Pero en medio de todo ello la presencia de los Nephilim, ángeles caídos repudiados por el Creador cuando decidieron ayudar a la humanidad y transformados para su castigo en gigantes de piedra, desconcierta más que incomoda, pues son el elemento que más se aleja de la tradición bíblica y el que ofrece mayor adhesión a un género, el fantástico, en el que de forma intencionada o inconsciente, Aronofsky parece adscribir su último film. También hay momentos bellamente ilustrados (los sueños de Noé acerca de la llegada del diluvio, o el relato que hace del Génesis, que parece querer aunar las teorías darwinistas con la metáfora de la creación divina), otros espectaculares (los animales llegando al arca) y algunos de enorme fuerza dramática (aquel en que vemos a los últimos supervivientes de la raza humana aferrándose inútilmente a un roca a punto de ser engullida por las olas, mientras al lado Noé escucha impertérrito en el interior de su arca los gritos agonizantes de socorro). Pero también se echa en falta cierto arrojo en su discurso sobre la fe; toda la presunta exploración acerca de la fe de Noé, de su postura firme en cuanto a la defensa de sus creencias por encima de cualquier tipo de valor humanista, se queda en mera anécdota argumental para justificar un drama, el enfrentamiento de Noé y Tubal Caín, que es lo menos interesante del film.

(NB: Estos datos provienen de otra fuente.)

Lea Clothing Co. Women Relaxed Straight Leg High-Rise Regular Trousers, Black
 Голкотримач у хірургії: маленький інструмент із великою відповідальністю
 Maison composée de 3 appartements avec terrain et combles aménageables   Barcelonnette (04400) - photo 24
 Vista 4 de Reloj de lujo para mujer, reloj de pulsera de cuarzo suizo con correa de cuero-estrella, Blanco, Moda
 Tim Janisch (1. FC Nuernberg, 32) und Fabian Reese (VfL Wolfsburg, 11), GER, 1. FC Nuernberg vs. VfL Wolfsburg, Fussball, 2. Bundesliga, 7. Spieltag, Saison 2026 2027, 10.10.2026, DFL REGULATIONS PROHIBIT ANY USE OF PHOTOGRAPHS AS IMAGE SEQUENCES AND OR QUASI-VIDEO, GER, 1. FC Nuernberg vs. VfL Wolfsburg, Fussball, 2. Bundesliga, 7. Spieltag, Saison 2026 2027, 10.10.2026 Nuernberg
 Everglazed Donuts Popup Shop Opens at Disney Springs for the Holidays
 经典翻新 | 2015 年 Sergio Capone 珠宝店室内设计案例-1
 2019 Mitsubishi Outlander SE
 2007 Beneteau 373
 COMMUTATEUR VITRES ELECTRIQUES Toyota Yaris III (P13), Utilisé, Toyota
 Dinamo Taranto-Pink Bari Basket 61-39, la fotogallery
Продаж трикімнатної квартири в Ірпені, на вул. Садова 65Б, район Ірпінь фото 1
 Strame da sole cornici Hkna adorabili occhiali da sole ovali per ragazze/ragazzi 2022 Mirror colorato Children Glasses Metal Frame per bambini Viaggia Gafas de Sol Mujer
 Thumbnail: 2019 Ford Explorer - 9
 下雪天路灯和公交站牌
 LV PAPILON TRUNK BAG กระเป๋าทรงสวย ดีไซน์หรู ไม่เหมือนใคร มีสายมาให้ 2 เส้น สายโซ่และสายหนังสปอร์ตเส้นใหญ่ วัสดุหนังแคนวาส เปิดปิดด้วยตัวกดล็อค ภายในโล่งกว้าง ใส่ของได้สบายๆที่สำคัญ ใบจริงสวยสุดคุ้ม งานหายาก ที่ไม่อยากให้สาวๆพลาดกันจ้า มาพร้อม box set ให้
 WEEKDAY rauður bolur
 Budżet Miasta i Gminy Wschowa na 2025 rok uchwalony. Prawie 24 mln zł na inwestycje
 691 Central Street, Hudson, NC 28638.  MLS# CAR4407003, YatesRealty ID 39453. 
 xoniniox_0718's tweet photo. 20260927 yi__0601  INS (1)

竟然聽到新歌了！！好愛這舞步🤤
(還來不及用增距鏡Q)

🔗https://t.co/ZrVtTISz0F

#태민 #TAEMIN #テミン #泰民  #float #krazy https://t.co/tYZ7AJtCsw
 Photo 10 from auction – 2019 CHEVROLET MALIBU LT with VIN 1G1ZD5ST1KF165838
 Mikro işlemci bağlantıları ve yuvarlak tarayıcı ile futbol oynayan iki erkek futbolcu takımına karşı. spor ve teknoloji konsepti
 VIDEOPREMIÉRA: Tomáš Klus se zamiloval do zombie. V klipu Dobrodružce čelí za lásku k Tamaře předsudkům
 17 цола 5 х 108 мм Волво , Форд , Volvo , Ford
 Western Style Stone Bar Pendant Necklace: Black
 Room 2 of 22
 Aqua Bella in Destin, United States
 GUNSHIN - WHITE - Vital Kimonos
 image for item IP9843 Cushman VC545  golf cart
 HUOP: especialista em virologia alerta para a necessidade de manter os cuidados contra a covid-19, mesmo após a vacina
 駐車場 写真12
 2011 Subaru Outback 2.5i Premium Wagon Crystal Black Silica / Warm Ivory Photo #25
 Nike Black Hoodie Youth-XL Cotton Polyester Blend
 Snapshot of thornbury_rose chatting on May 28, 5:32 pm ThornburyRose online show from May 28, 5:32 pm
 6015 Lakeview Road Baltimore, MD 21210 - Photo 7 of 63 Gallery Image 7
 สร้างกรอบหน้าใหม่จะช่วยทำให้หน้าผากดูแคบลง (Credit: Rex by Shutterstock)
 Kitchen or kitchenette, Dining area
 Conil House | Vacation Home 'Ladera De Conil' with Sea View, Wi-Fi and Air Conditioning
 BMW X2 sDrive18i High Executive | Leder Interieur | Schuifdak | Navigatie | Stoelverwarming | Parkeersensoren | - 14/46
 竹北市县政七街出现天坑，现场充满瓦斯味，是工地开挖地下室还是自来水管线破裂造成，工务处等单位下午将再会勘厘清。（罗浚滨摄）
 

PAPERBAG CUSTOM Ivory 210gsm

En conjunto este “Noé” de Darren Aronofsky es un film poderoso y bien filmado, y si uno es capaz de dejar a un lado sus creencias personales también es una película francamente entretenida. Siempre que uno no pierda de vista que, en el fondo, solo estamos viendo una ficción.
En resumidas cuentas: ¿Lo mejor? La potencia visual de sus momentos más fantásticos. ¿Lo peor? Que Aronosky se haya domesticado y no muestre más arrojo en su discurso acerca de la fe, limitándose a ofrecernos un mero blockbuster. Sofisticado, sí, pero blockbuster a fin de cuentas.